OGDEN — Ben Lomond High's football players and coaches woke up on the morning of Thursday, Oct. 10, knowing that night would be a chance.
It was a chance to end the state's longest active high school football losing streak. To that point, it had been 1,099 days since the Scots last won a game, that coming on Oct. 7, 2016.
Lyndon Johnson vowed when he took over as BLHS head coach in February that the streak would come to an end.
The streak is finally over thanks to a 6-0 win that day at Uintah. Not only is the 31-game losing streak dead and buried but, finally, the Scots have some wind in their sails heading into Wednesday's Iron Horse Game, scheduled for 7 p.m. at Weber State University.

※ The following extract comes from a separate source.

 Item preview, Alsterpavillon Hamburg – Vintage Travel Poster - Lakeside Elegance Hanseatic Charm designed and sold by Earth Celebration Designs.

"It felt amazing. It's something that we've never felt before, it was hard to believe at first," senior lineman Kameron Portillo said. "I mean, that last drive it was going through my head, 'Oh no what if our bad luck starts kicking in,' but it felt amazing pulling it through."
BLHS's coaches and players could tell something was different when they rolled up to Monday's practice. Indeed, there was.
"We knew we felt like we had a chance, more of a chance. The practices were more upbeat the intensity and the energy was higher,” senior DeVaughn Sanders said.
The 6-0 scoreline came from a Sanders touchdown run in the second quarter, plus a shutout effort by the defense.
For the past three years, BL players have gone to practice, workouts and film study, preparing adequately to win a ballgame but always falling short.
There was plenty of work done, but no reward, which one would assume would prompt many kids to quit or lose interest.
"This head coach, I believe that he's here to change things and that he's here for the long run. I've never had somebody motivate me as much as he has. These coaches, on top of that, love us, love the school," Portillo said.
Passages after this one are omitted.